Article Preview
TopIntroduction
IDS is proved to be an effective method of network security defense (Teng et al., 2020). Many researchers have used machine learning algorithms (Alyaseen et al., 2017; Kumar et al., 2019; Li et al., 2019) to research IDS, such as deep learning, support vector machine (SVM), fuzzy sets, outliers and random forest, and genetic algorithm, and have made many breakthroughs.
On the one hand, there are a large amount of network logs for IDS to detect, so an effective algorithm should be researched to delete the redundant features to improve the detection speed. There are some features selection algorithms used to reduce the redundant features, such as rough set, fuzzy set, and so on.
Feature selection algorithm (FSA) is introduced as a pretreatment to the anomaly detection to optimize existing classifiers. FSA can eliminate irrelevant and redundant features, reduce computational complexity, and improve the accuracy of the learning algorithms (Chunhui & Wenjuan, 2021; Ying- Wu et al., 2010).
Este´vez et al. (2009) designed a Mutual Information Feature Selection (MIFS) method. However, in the MIFS algorithm, the increase of the input features can easily lead to some irrelevant feature selections (Lashkia et al., 2004). Peng et al. (2014) proposed a minimal- Redundancy- Maximal- Relevance (mRMR) criteria, with which the impact of parameter β through the average of redundancy values was decreased. This criterion has a very low expense to give feature selection, but the entropy may vary considerably. Panigrahi (2021) gave an improved infinite feature selection for multiclass classification (IIFS-MC) to eliminate the superfluous attributes.
To increases the speed and deviation of mutual information among multi-valued attributes, the values of features are normalized in [0, 1]. The authors gave a NMIFS to reduce the algorithm complexity and obtain the optimal features.

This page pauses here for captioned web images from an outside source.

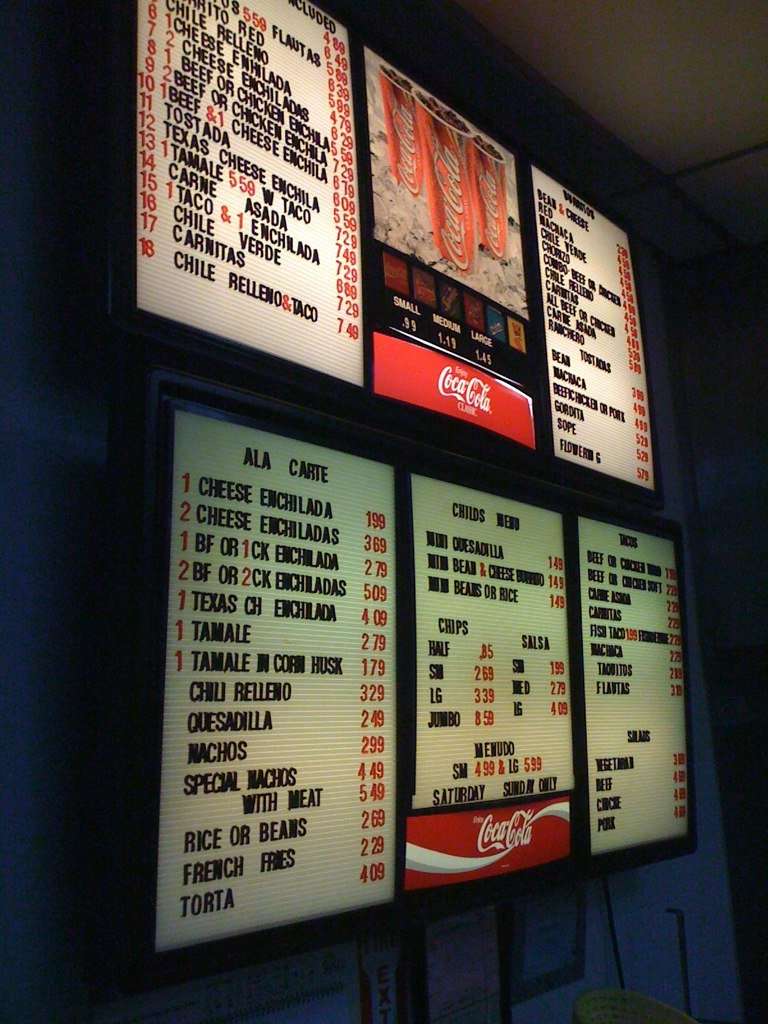 El Gordito Mexican Food menu, Menu restauracji El Gordito Mexican Food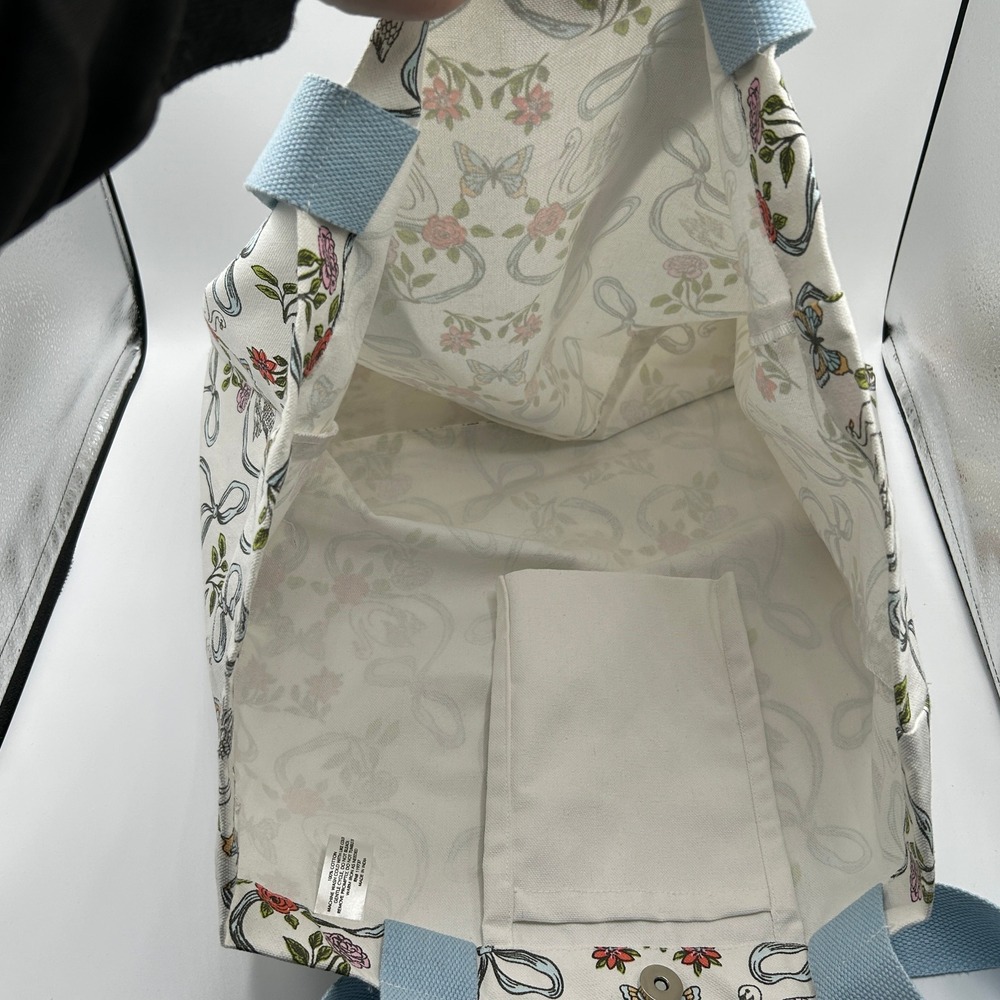 Serenite Large Tote Bag White Canvas Floral Swan Butterfly 100% Cotton NWT - Picture 9 of 14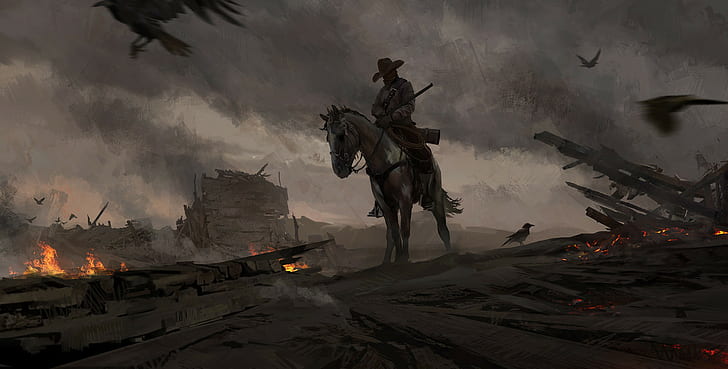 artwork, western, cowboys, bounty hunter, town, horse, crow, HD wallpaper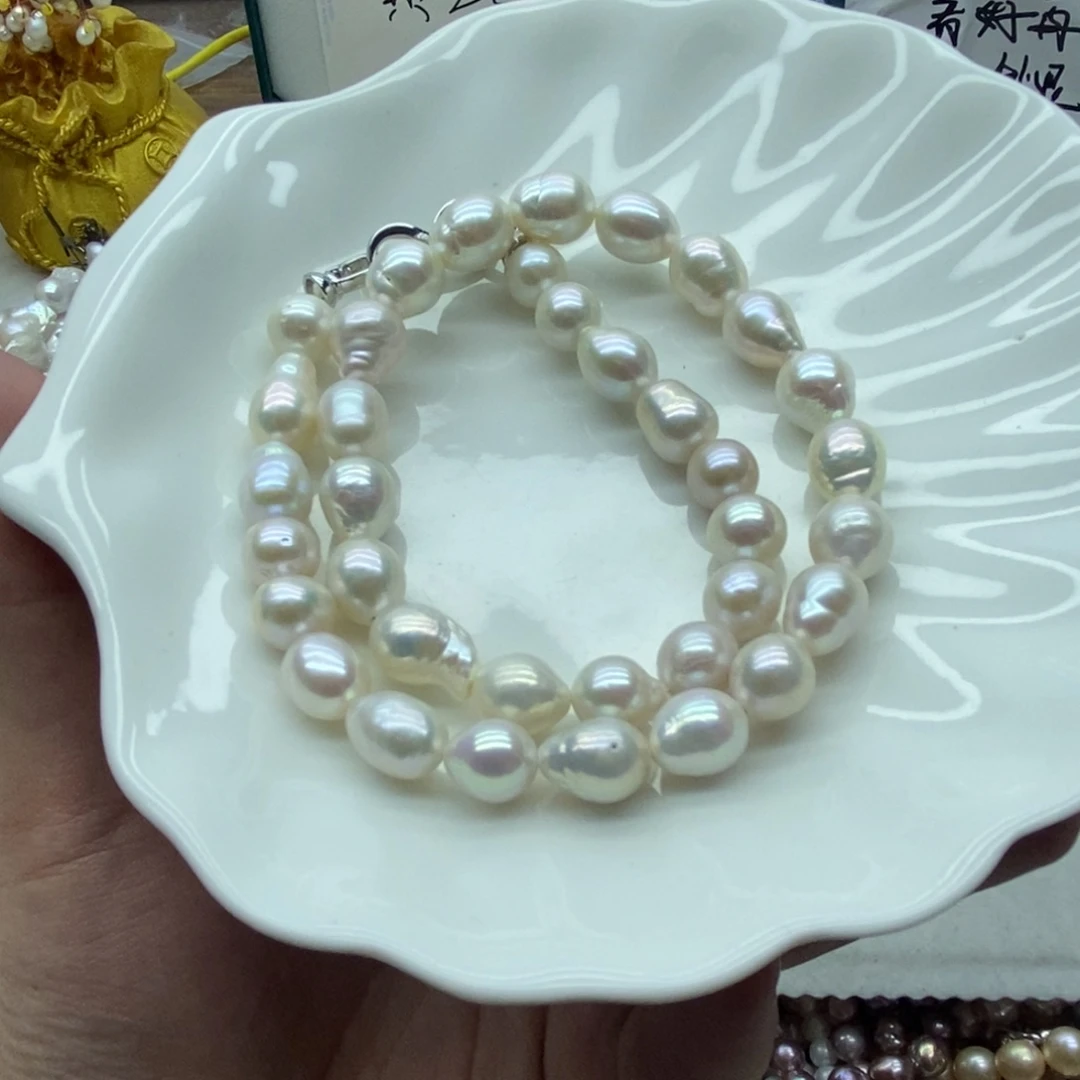 天然淡水珍珠无人工干预银S925镶嵌淡水珍珠10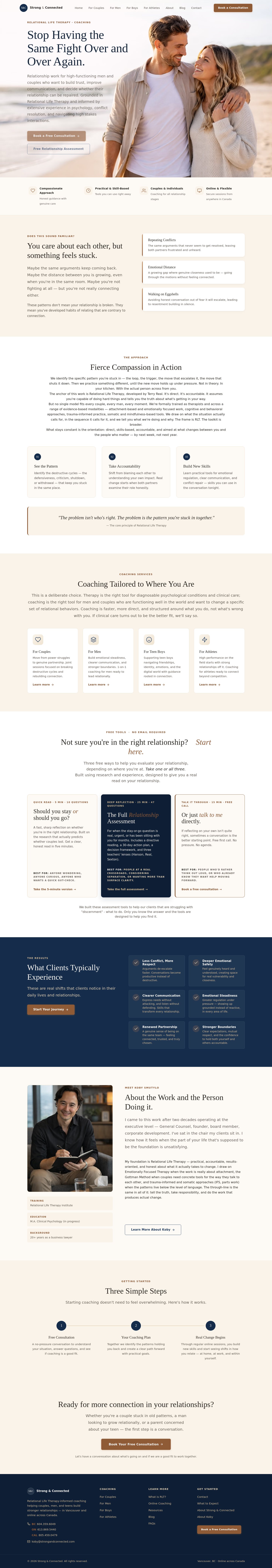 Strong & Connected - Relationship coaching website homepage full-page website screenshot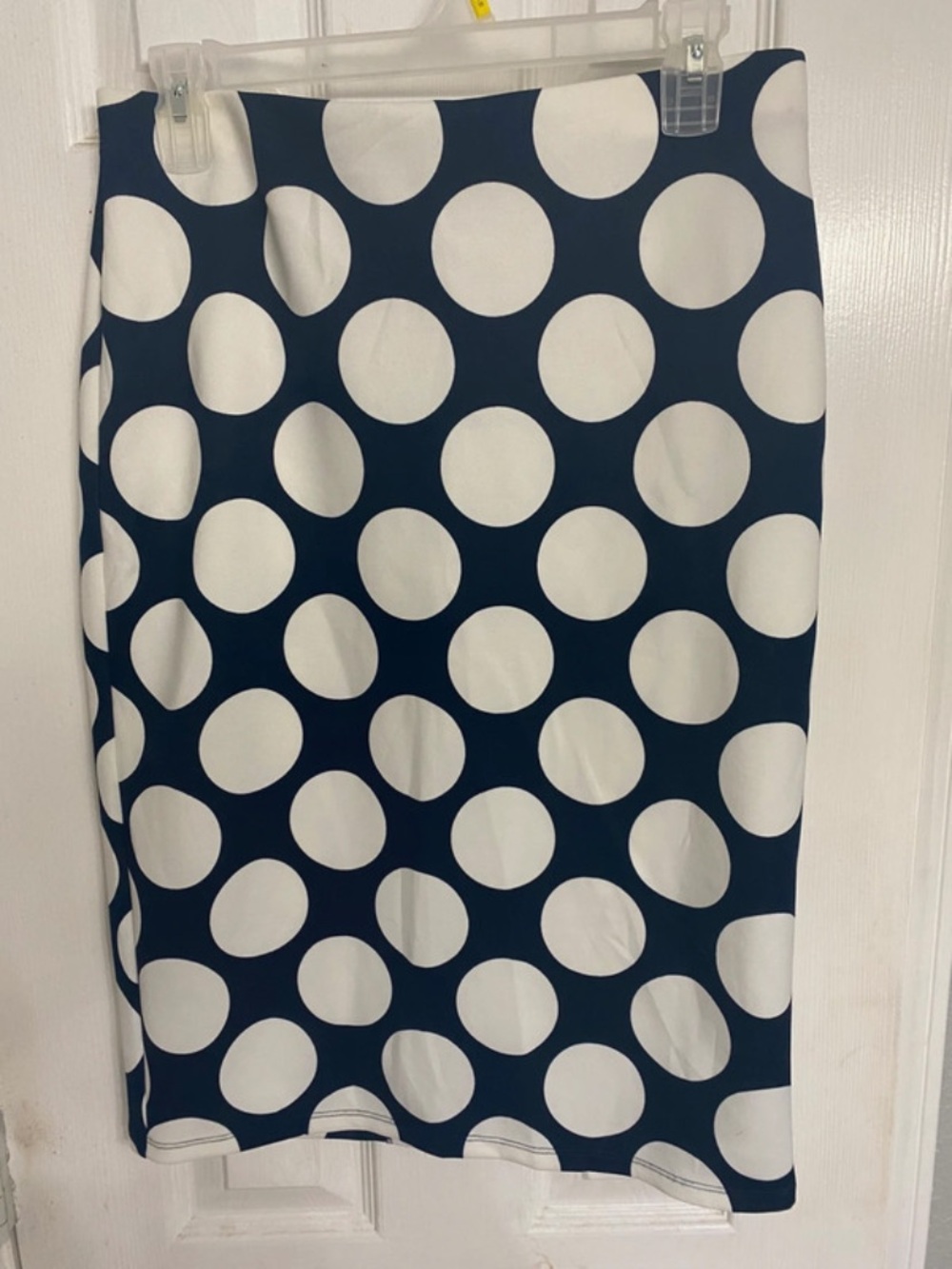 Navy and White Polka Dot Pencil Skirt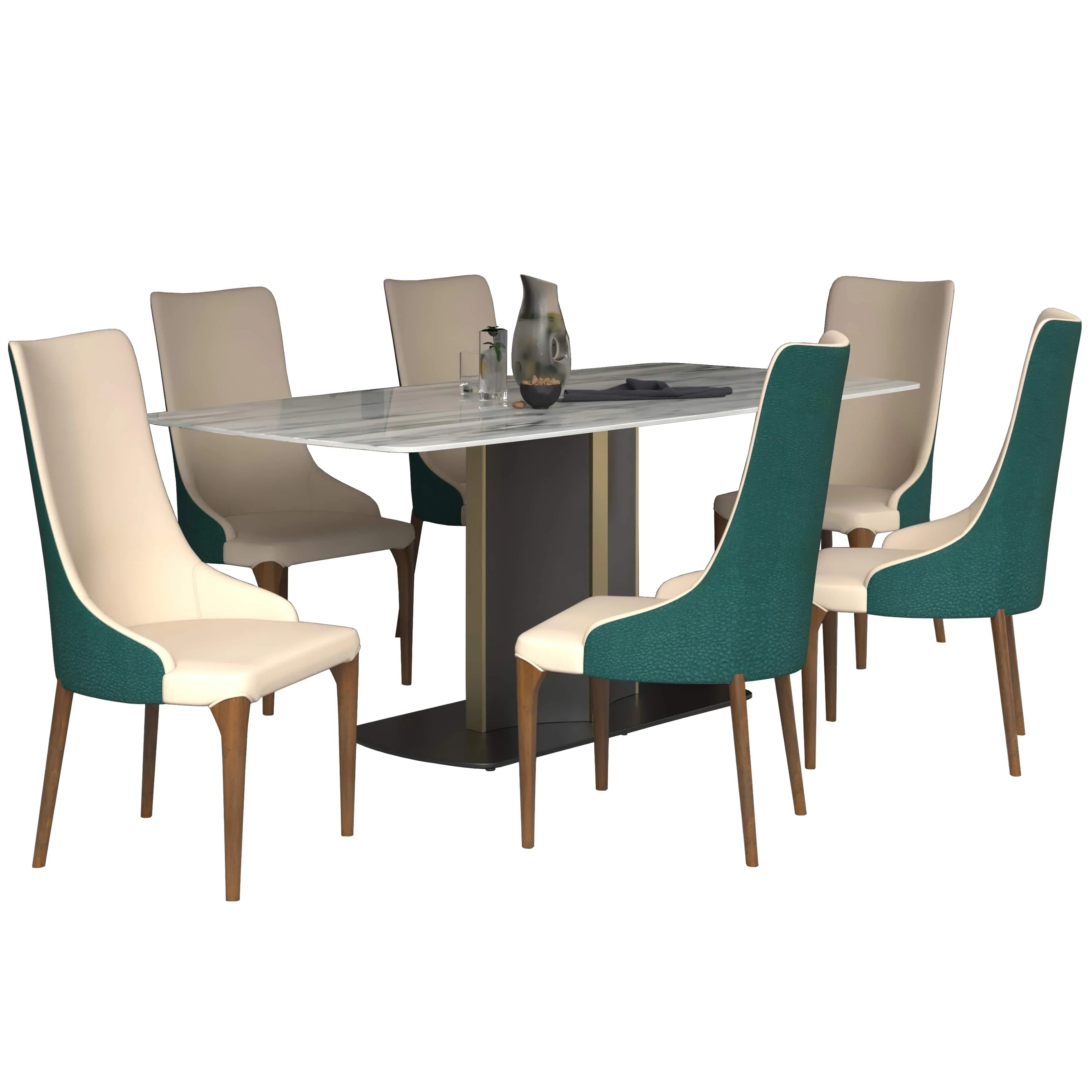 Sylvia 7-Piece Dining Set with Rectangular Sintered Stone Top Table and 6 Upholstered Dining Chairs with Ash Wood Base - Elax Furniture
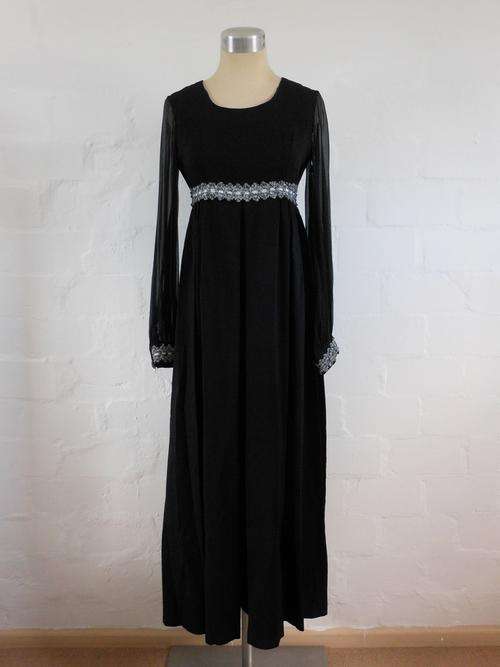 *MID-YEAR SALE - 50% OFF!* VINTAGE BLACK SILVER SHEER SLEEVES CATSUIT JUMPSUIT DRESS - SIZE 8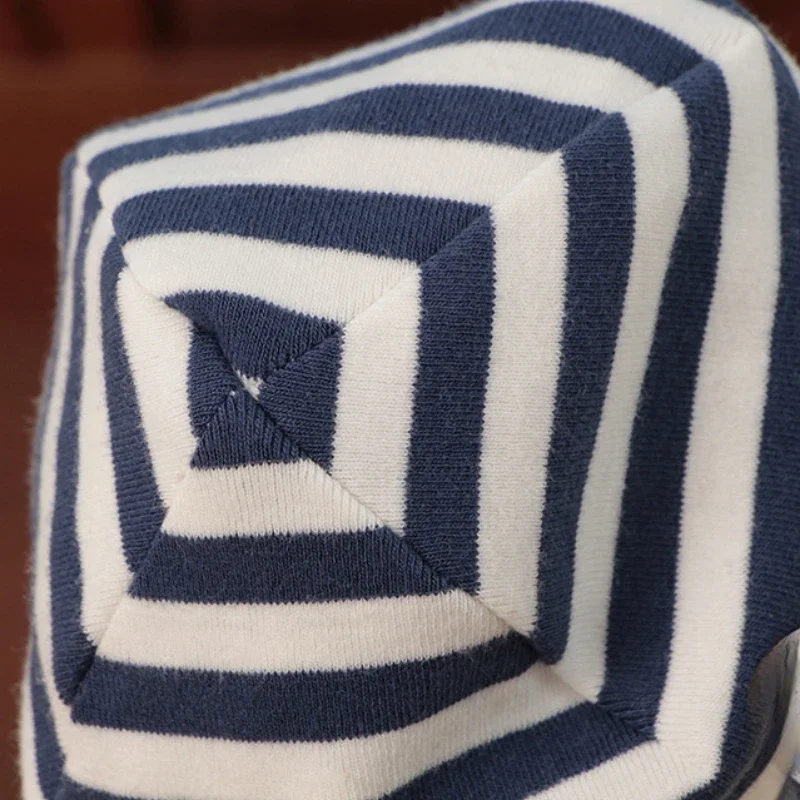 Gorro invierno algodón para bebé recién nacido – Rayas doble capa - imagen 2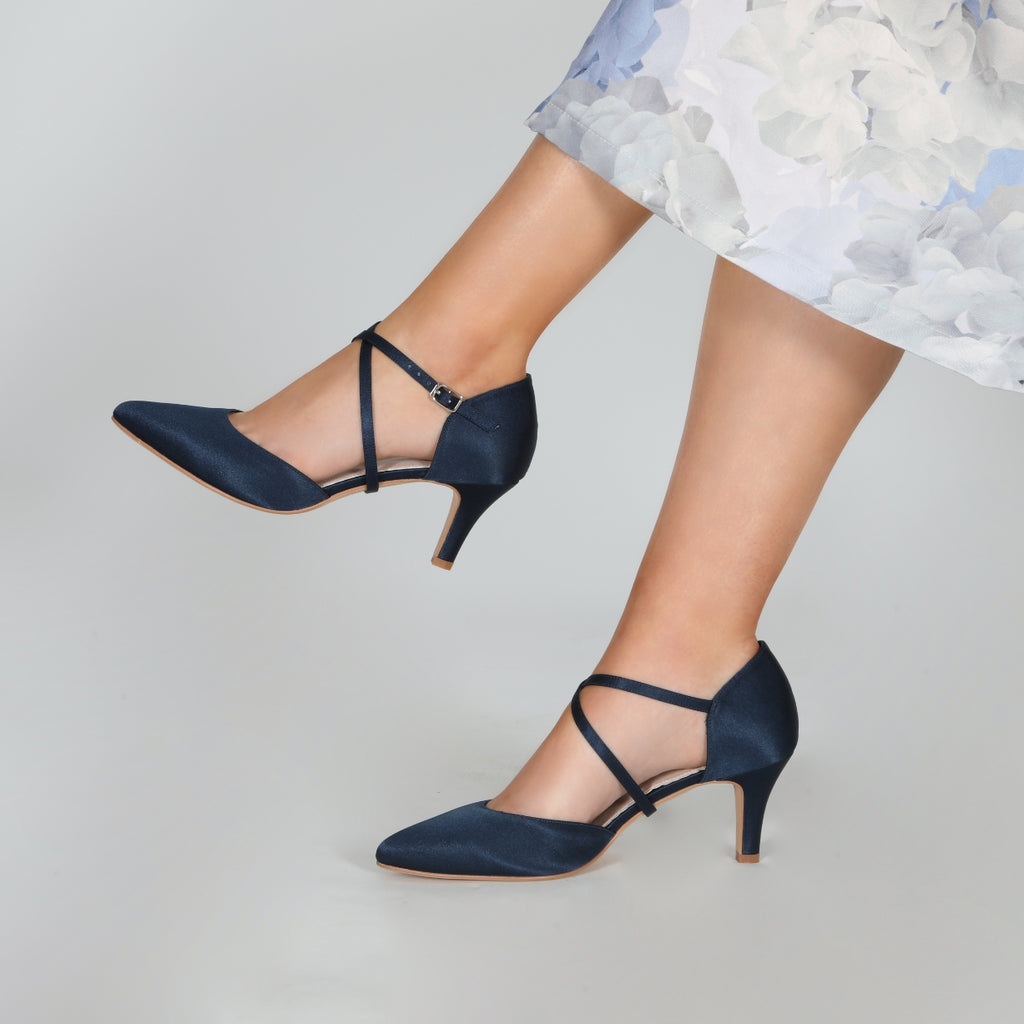 Sonya navy satin court shoe with crossover straps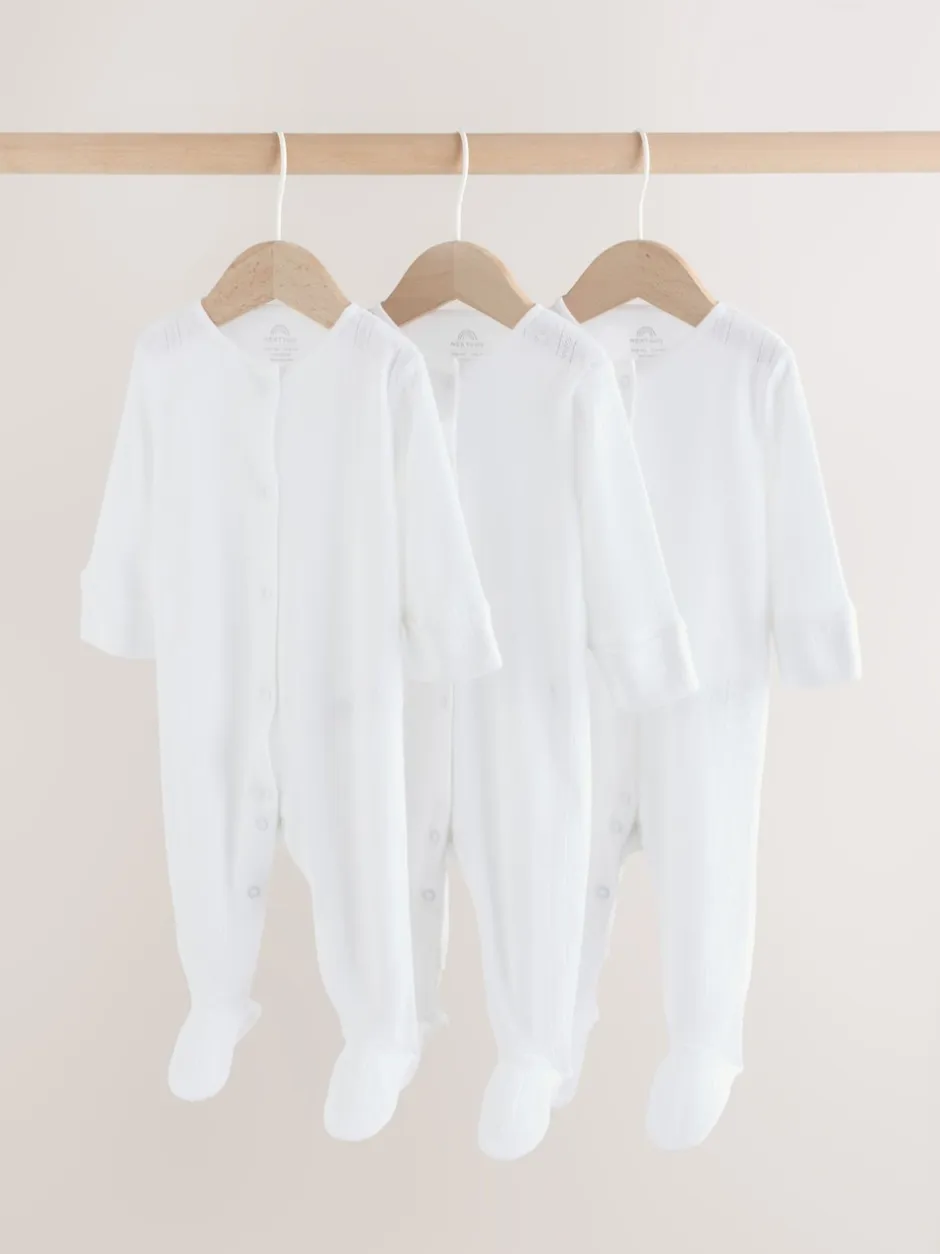 Next Blanc maille pointelle - Lot de 3 dors-bien bébé (0-18mois) Discount
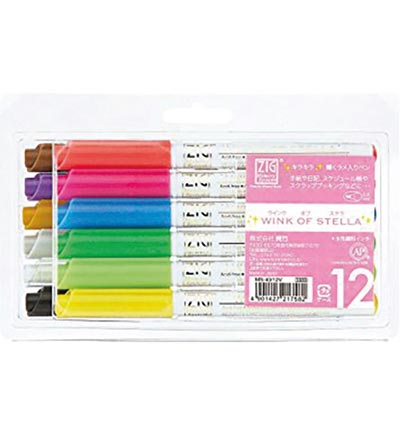 MS-40/12V - Kuretake / ZIG - (12V)Glitter 12 Colours Set - Wink of Stella Glitter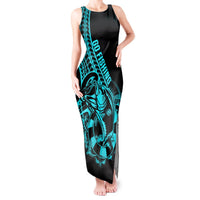 Polynesia Tank Maxi Dress Fish Hook Tattoo Go Fishing Polynesian Pattern Turquosie LT14 Women Turquoise - Polynesian Pride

The experiment results showed that the NMIFS method has better performance on feature selection on several benchmark problems.
On the other hand, the classifier will directly affect the accuracy of anomaly detection (Yilei et al., 2021). JooHwa and KeeHyun (2019) designed an IDS with autoencoder - conditional, the generative adversarial networks and the random forest (AE - CGAN - RF), autoencoder-conditional method was adopted to reduce high-dimensional data dimension and to get a higher detection rate. Jiadong et al. (2019) gave a hybrid multilevel intrusion detection model. The outliers detection algorithm can effectively reduce some redundant attributes and improve the speed of detection. Alyaseen et al. (2017) used K - means algorithm to achieve training data set in a multilevel hybrid intrusion detection model, with which, they got better performance of classifiers. Yang et al. (2019) proposed an Effective IDS using the Modified Density Peak Clustering Algorithm and Deep Belief Networks (MDPCA-DBN). They used the Modified Density Peak Clustering Algorithm and Deep Networks to reduce the size of the training set, solve the imbalance of sample, and improve the efficiency of detection. Song et al. (2018) proposed an anti-adversarial hidden markov model for network-based intrusion detection (AA-HMM). However those algorithms had lower self-adaptability, lower detection rate, and higher false alert rate for small samples sets.